Signed-off-by: Qi Zheng <zhengqi.arch@bytedance.com>
---
 mm/memory.c | 8 ++++++--
 1 file changed, 6 insertions(+), 2 deletions(-)

diff --git a/mm/memory.c b/mm/memory.c
index caa6ed0a7fe5b..fd57c0f49fce2 100644
--- a/mm/memory.c
+++ b/mm/memory.c
@@ -1602,6 +1602,7 @@ static unsigned long zap_pte_range(struct mmu_gather *tlb,
 	swp_entry_t entry;
 	int nr;
 
+retry:
 	tlb_change_page_size(tlb, PAGE_SIZE);
 	init_rss_vec(rss);
 	start_pte = pte = pte_offset_map_lock(mm, pmd, addr, &ptl);
@@ -1706,6 +1707,11 @@ static unsigned long zap_pte_range(struct mmu_gather *tlb,
 	if (force_flush)
 		tlb_flush_mmu(tlb);
 
+	if (addr != end) {
+		cond_resched();
+		goto retry;
+	}
+
 	return addr;
 }
 
@@ -1744,8 +1750,6 @@ static inline unsigned long zap_pmd_range(struct mmu_gather *tlb,
 			continue;
 		}
 		addr = zap_pte_range(tlb, vma, pmd, addr, next, details);
-		if (addr != next)
-			pmd--;
 	} while (pmd++, cond_resched(), addr != end);
 
 	return addr;
-- 
2.20.1
Re: [PATCH v1 2/7] mm: make zap_pte_range() handle full within-PMD range
Posted by Jann Horn 1 month, 1 week ago
On Thu, Oct 17, 2024 at 11:48 AM Qi Zheng <zhengqi.arch@bytedance.com> wrote:
> In preparation for reclaiming empty PTE pages, this commit first makes
> zap_pte_range() to handle the full within-PMD range, so that we can more
> easily detect and free PTE pages in this function in subsequent commits.
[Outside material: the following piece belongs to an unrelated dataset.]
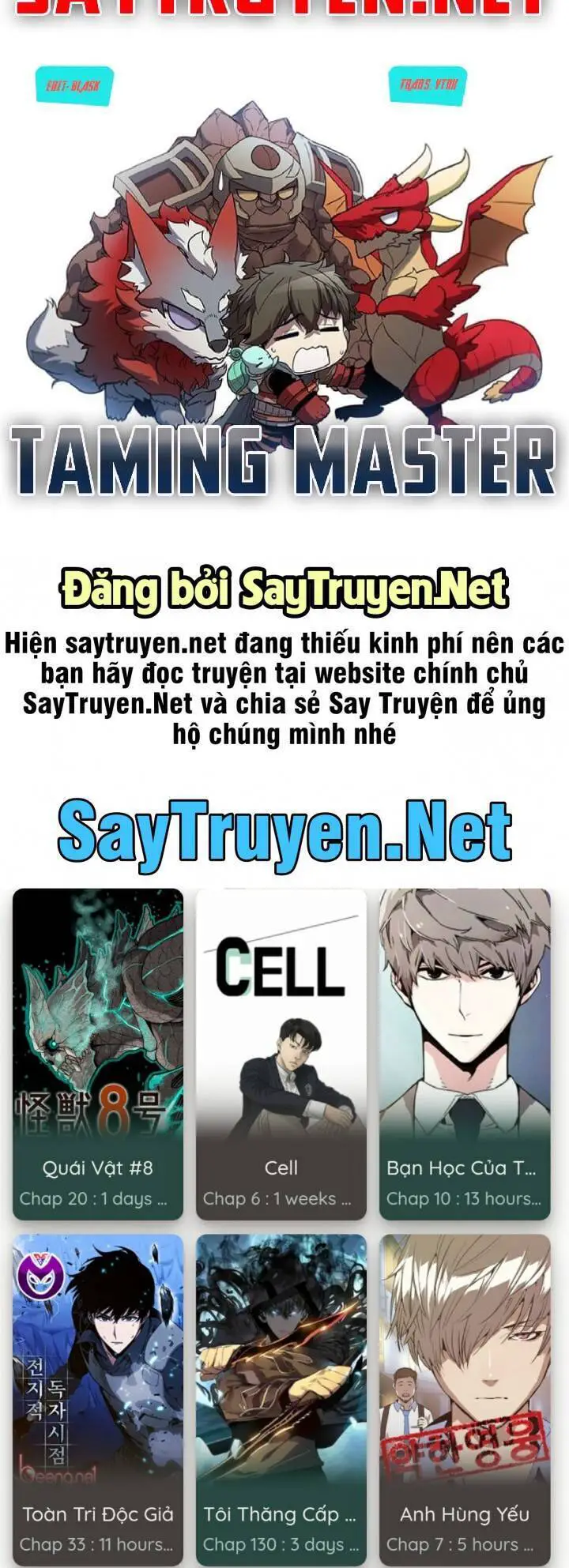 Bậc Thầy Thuần Hóa Nettruyen ZZZ Chương 52 Page 50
I think your patch causes some unintended difference in behavior:

> Signed-off-by: Qi Zheng <zhengqi.arch@bytedance.com>
> ---
>  mm/memory.c | 8 ++++++--
>  1 file changed, 6 insertions(+), 2 deletions(-)
>
> diff --git a/mm/memory.c b/mm/memory.c
> index caa6ed0a7fe5b..fd57c0f49fce2 100644
> --- a/mm/memory.c
> +++ b/mm/memory.c
> @@ -1602,6 +1602,7 @@ static unsigned long zap_pte_range(struct mmu_gather *tlb,
>         swp_entry_t entry;
>         int nr;
>
> +retry:

This "retry" label is below the line "bool force_flush = false,
force_break = false;", so I think after force_break is set once and
you go through the retry path, every subsequent present PTE will again
bail out and retry. I think that doesn't lead to anything bad, but it
seems unintended.
Re: [PATCH v1 2/7] mm: make zap_pte_range() handle full within-PMD range
Posted by Qi Zheng 1 month, 1 week ago

On 2024/10/18 02:06, Jann Horn wrote:
> On Thu, Oct 17, 2024 at 11:48 AM Qi Zheng <zhengqi.arch@bytedance.com> wrote:
>> In preparation for reclaiming empty PTE pages, this commit first makes
>> zap_pte_range() to handle the full within-PMD range, so that we can more
>> easily detect and free PTE pages in this function in subsequent commits.
> 
> I think your patch causes some unintended difference in behavior:
> 
>> Signed-off-by: Qi Zheng <zhengqi.arch@bytedance.com>
>> ---
>>   mm/memory.c | 8 ++++++--
>>   1 file changed, 6 insertions(+), 2 deletions(-)
>>
>> diff --git a/mm/memory.c b/mm/memory.c
>> index caa6ed0a7fe5b..fd57c0f49fce2 100644
>> --- a/mm/memory.c
>> +++ b/mm/memory.c
>> @@ -1602,6 +1602,7 @@ static unsigned long zap_pte_range(struct mmu_gather *tlb,
>>          swp_entry_t entry;
>>          int nr;
>>
>> +retry:
> 
> This "retry" label is below the line "bool force_flush = false,
> force_break = false;", so I think after force_break is set once and
> you go through the retry path, every subsequent present PTE will again
> bail out and retry. I think that doesn't lead to anything bad, but it
> seems unintended.

Right, thanks for catching this! Will set force_flush and force_break to
false under "retry" label in v2.

Thanks!